Have you tried PETFINDERS. Just type in the breed of dog you are looking for and pages of that breed will come up. My sister was thinking of getting a westie in a yr or so she typed in westie and got 25pages of dogs.


----------



## Marine1 (Oct 10, 2007)

I encountered the same problem while searching for a purebred pitbull through a rescue organization. I have a very specific look that I like when it comes to this breed, and unfortunetly alot of these dogs dont have this look for some reason. You also have to consider that a dog that really sticks out, and appears to be purebred is going to be adopted faster than others. I know of two rescue organizations that I found on the internet that have a few good looking dogs. The first is *Missouri Pit Bull Rescue*. There are two litters of beautiful puppies along with the mother, so you can get a idea what they may grow up to look like. The second is *Hearts of Gold Pit Rescue*. I believe you posted a thread earlier regarding Chocolate Pitbulls, MPBR has a few chocolate pups. Hope this helps!!!Let me know!!!:goodpost:


----------



## redog (Oct 14, 2005)

mpbr is an outstanding organization. If you are serious about a certain look, be patient. be ready to adopt by pre applying so you can be contacted when one arrives.

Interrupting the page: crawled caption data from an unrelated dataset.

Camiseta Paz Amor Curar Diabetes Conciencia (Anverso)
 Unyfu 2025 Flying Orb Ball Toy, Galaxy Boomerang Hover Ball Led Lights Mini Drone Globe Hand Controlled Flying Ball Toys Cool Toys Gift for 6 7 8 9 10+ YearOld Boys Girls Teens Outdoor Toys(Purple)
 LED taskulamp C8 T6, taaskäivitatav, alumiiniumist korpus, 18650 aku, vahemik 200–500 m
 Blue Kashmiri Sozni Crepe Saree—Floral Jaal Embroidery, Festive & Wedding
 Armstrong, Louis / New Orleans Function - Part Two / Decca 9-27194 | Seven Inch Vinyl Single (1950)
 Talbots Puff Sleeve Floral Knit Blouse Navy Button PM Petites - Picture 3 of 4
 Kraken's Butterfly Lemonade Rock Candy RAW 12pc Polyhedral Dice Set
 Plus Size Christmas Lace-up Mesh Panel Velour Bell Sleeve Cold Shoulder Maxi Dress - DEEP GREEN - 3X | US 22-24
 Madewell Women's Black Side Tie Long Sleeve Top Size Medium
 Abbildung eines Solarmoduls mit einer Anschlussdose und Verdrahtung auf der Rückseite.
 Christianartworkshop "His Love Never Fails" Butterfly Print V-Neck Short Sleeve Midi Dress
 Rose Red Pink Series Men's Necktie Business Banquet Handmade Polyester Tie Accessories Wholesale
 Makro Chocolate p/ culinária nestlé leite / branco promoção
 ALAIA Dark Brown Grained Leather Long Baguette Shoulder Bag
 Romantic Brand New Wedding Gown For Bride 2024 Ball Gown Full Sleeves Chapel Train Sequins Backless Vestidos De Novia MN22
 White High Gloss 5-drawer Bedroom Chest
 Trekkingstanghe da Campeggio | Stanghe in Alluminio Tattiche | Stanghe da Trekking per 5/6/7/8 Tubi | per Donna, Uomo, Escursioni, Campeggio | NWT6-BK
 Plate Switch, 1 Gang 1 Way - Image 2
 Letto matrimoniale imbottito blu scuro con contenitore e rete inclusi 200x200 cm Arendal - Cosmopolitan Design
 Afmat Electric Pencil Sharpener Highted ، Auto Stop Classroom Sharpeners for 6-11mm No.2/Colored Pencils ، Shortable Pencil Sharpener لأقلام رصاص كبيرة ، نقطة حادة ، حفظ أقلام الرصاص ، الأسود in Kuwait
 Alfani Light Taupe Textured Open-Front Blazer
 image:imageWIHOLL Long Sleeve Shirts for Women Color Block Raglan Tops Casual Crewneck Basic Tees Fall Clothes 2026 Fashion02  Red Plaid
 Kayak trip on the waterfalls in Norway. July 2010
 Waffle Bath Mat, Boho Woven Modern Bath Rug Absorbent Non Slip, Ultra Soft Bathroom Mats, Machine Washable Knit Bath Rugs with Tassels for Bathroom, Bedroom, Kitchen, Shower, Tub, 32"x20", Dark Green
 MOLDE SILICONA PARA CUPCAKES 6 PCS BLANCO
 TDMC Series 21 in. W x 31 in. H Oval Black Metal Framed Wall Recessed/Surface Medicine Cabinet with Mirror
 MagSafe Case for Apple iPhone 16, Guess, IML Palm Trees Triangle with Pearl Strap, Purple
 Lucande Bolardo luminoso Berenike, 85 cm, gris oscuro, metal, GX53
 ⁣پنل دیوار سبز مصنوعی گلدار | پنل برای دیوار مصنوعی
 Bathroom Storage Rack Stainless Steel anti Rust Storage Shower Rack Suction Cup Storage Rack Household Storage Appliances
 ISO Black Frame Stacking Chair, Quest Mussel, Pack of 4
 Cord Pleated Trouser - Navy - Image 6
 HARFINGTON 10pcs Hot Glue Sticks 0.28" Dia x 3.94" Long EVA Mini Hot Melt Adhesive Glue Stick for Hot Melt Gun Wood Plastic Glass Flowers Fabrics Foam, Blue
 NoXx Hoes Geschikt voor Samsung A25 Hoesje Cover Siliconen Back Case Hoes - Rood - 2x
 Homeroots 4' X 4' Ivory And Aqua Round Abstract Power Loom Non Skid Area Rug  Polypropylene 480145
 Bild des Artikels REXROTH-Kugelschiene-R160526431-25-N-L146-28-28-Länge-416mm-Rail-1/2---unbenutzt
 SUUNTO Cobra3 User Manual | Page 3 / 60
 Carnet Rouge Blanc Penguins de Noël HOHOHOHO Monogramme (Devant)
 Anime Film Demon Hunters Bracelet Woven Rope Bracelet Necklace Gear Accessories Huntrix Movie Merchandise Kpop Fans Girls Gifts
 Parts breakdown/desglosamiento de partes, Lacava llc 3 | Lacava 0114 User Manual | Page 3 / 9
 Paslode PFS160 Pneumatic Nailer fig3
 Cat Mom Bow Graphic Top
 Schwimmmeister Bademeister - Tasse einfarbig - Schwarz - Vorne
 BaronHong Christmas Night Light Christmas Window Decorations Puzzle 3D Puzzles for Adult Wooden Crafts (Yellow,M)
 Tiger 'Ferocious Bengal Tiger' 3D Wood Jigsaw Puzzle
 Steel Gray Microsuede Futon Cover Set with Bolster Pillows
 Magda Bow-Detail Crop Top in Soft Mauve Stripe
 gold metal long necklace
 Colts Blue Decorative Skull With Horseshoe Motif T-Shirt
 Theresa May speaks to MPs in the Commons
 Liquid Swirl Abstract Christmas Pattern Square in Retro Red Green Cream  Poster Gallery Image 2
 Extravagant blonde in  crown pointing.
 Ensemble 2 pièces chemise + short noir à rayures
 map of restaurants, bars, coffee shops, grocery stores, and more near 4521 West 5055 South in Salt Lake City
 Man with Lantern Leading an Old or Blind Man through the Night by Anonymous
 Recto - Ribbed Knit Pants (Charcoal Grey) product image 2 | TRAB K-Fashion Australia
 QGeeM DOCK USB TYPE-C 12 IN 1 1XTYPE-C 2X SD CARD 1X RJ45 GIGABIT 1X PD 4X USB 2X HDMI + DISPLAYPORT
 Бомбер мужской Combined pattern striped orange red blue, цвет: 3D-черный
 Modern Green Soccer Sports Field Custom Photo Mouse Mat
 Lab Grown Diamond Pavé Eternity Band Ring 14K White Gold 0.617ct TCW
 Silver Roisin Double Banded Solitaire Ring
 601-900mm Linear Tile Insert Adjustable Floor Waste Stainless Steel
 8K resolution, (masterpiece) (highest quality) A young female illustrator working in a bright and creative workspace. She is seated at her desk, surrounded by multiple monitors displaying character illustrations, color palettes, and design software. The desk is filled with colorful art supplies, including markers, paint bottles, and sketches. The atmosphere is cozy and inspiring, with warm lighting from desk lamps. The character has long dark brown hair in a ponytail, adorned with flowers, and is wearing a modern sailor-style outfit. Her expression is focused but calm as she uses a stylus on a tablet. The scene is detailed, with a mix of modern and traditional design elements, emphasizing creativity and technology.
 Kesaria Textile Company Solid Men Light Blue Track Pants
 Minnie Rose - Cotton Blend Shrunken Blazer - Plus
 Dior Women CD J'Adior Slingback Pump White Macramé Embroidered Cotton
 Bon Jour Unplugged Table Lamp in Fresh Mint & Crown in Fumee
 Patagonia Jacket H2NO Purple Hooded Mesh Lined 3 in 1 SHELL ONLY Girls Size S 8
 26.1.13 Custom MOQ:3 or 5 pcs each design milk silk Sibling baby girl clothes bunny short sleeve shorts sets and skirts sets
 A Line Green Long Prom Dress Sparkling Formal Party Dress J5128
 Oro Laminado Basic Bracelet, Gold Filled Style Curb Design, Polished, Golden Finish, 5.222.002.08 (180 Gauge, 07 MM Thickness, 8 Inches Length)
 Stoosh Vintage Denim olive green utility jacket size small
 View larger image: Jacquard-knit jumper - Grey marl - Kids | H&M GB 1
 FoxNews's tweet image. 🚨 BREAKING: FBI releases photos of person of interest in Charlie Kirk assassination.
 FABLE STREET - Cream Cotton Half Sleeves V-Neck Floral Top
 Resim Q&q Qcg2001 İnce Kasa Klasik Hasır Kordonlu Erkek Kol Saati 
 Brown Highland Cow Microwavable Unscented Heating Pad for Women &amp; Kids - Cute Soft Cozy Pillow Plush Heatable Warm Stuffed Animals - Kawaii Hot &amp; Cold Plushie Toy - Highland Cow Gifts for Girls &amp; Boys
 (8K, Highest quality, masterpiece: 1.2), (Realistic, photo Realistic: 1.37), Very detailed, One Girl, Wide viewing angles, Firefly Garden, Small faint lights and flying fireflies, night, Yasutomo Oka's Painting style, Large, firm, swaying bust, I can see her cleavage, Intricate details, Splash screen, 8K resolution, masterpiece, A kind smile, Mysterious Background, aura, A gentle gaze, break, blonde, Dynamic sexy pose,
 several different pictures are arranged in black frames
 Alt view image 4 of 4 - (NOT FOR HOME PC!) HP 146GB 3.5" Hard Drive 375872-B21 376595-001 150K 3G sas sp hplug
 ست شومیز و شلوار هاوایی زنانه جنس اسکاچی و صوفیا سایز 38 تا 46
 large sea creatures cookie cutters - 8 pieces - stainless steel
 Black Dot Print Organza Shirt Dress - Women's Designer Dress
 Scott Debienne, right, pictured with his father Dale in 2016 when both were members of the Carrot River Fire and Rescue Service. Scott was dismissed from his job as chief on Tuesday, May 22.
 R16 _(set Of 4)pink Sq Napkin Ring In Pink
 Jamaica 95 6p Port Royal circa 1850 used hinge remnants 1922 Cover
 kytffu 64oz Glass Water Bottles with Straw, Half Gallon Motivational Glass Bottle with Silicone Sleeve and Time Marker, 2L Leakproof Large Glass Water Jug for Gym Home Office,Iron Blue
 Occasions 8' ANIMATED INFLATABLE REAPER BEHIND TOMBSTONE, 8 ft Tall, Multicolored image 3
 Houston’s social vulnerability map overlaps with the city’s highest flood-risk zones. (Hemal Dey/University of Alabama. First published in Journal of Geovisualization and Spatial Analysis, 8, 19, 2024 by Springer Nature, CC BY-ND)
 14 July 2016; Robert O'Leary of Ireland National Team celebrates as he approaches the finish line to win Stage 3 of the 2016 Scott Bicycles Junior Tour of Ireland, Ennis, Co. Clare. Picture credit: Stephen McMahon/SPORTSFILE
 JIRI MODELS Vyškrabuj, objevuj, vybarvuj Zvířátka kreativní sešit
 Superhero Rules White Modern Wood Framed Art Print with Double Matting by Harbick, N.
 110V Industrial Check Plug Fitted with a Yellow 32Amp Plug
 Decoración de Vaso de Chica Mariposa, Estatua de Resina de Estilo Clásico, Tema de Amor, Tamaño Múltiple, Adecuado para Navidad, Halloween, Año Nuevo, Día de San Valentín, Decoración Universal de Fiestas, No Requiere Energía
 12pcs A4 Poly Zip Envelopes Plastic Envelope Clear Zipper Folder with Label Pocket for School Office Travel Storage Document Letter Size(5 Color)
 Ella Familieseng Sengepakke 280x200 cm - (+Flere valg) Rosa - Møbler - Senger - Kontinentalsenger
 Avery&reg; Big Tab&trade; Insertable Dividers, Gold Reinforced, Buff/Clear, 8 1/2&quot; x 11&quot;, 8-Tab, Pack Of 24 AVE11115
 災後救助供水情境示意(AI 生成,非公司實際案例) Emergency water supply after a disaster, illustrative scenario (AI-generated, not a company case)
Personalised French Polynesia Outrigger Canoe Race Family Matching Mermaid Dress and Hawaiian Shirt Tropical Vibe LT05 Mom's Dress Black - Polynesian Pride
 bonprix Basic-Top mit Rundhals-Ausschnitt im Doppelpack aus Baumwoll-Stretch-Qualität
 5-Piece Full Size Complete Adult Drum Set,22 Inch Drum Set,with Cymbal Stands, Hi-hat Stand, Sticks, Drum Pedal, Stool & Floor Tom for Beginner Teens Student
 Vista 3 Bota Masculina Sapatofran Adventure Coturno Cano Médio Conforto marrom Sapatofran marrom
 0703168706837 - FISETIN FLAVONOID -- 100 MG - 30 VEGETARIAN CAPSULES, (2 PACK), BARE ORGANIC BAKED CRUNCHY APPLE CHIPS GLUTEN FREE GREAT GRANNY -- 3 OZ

I have rarely seen an adoption website who would highlight a purebred, it attracts the undesireable and wastes alot of time for the adoption office. pbrc is really most realistic with the dogs but hard to qualify. I think Erik got Ortega thru pbrc


----------



## smokey_joe (Oct 14, 2005)

Also please remember that when adopting from a rescue or pound, just b/c the dog "looks" purebred doesn't mean they are. I've seen some pretty convincing mixes. Even buying from certain breeders doesn't assure that you're really getting what you pay for. Unless the dog comes with a pedigree, you just don't know.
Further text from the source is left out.